Problem statement: Beginning with the first line, copy out each line of the material until the line containing "MS license plate JES863" has been copied as well.

### Data extract ###

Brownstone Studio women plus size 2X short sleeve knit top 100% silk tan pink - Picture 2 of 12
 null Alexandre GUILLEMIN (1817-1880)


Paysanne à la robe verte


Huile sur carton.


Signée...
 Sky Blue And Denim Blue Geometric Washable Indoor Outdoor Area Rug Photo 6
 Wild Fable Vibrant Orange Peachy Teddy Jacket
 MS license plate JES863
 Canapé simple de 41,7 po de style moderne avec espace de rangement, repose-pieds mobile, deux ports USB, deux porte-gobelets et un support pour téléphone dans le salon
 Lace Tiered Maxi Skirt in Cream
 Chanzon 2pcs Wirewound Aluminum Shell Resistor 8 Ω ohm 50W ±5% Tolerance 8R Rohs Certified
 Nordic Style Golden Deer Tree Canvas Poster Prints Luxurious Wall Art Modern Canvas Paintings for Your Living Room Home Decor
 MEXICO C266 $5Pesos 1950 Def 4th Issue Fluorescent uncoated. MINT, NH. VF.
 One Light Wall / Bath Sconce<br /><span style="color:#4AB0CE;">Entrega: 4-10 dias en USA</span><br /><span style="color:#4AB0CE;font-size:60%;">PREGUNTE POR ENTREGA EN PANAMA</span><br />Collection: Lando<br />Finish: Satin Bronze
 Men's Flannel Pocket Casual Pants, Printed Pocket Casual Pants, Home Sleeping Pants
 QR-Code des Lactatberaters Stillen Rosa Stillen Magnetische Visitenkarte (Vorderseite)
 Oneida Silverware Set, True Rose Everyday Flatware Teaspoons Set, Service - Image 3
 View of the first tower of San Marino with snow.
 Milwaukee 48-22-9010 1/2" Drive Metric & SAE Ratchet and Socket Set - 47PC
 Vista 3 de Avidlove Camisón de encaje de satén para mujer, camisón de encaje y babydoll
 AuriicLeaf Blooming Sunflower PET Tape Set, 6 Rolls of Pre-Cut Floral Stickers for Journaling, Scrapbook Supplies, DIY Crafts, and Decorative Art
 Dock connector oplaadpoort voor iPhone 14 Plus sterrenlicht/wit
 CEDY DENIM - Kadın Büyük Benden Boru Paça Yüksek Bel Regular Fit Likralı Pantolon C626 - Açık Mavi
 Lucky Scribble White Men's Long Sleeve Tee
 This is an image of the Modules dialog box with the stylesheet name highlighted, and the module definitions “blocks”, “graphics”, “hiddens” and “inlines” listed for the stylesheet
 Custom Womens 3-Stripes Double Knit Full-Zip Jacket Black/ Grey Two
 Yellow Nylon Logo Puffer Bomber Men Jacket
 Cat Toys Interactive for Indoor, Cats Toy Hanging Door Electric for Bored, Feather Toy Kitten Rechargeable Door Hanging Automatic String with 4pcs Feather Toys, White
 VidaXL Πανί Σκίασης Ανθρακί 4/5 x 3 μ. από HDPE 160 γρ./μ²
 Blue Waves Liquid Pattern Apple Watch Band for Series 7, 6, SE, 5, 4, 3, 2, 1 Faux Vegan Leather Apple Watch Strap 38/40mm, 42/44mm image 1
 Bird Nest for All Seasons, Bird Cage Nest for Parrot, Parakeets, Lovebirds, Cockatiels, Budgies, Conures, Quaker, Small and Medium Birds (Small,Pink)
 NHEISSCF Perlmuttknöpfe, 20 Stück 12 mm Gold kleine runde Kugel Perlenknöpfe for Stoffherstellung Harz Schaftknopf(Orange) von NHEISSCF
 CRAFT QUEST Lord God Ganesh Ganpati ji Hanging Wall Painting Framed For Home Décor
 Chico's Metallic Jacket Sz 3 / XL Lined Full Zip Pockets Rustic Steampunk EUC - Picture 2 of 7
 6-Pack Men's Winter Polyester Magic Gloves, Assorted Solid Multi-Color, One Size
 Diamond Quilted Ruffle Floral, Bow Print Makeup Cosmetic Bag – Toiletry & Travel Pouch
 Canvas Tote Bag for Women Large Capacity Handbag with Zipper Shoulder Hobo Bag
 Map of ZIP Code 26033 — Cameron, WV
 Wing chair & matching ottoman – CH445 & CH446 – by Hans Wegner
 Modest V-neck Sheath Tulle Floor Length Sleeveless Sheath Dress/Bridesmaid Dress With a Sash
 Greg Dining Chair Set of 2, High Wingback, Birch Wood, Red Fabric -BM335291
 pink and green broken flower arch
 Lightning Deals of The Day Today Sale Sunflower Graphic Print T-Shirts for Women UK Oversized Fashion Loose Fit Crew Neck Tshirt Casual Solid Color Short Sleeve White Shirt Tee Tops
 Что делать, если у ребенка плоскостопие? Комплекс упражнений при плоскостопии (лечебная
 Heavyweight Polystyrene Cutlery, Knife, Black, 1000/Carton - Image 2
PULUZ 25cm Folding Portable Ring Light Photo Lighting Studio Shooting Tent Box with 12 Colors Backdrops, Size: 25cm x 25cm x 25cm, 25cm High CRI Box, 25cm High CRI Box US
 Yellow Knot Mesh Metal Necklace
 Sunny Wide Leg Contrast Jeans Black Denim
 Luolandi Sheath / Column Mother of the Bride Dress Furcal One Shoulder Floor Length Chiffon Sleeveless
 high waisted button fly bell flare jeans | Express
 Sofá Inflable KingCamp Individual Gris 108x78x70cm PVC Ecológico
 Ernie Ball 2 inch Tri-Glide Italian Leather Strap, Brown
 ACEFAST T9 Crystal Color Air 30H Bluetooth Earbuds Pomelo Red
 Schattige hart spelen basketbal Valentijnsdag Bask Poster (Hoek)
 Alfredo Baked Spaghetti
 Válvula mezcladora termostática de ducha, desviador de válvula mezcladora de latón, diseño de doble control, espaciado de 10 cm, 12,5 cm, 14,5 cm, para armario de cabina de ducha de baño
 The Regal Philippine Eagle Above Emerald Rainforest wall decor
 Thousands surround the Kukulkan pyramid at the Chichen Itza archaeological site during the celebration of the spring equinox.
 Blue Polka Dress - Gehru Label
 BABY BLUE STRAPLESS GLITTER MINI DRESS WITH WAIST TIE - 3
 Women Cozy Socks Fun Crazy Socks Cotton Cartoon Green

###

Task answer:
Brownstone Studio women plus size 2X short sleeve knit top 100% silk tan pink - Picture 2 of 12
 null Alexandre GUILLEMIN (1817-1880)


Paysanne à la robe verte


Huile sur carton.


Signée...
 Sky Blue And Denim Blue Geometric Washable Indoor Outdoor Area Rug Photo 6
 Wild Fable Vibrant Orange Peachy Teddy Jacket
 MS license plate JES863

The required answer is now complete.